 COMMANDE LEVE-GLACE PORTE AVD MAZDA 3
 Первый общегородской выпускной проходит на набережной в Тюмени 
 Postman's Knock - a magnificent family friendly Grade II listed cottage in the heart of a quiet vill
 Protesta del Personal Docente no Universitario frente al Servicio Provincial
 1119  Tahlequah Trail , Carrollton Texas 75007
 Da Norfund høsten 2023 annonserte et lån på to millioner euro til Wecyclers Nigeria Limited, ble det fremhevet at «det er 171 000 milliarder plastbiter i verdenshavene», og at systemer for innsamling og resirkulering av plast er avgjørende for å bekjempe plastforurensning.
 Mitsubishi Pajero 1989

· · · · · · ·

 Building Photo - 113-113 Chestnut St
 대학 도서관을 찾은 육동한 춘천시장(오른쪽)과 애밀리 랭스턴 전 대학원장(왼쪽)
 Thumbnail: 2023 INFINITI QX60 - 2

· · · · · · ·

Could you transcribe the entries above word for word, from the line with "Da Norfund høsten" down to the line with "Mitsubishi Pajero 1989", keeping both?

 Da Norfund høsten 2023 annonserte et lån på to millioner euro til Wecyclers Nigeria Limited, ble det fremhevet at «det er 171 000 milliarder plastbiter i verdenshavene», og at systemer for innsamling og resirkulering av plast er avgjørende for å bekjempe plastforurensning.
 Mitsubishi Pajero 1989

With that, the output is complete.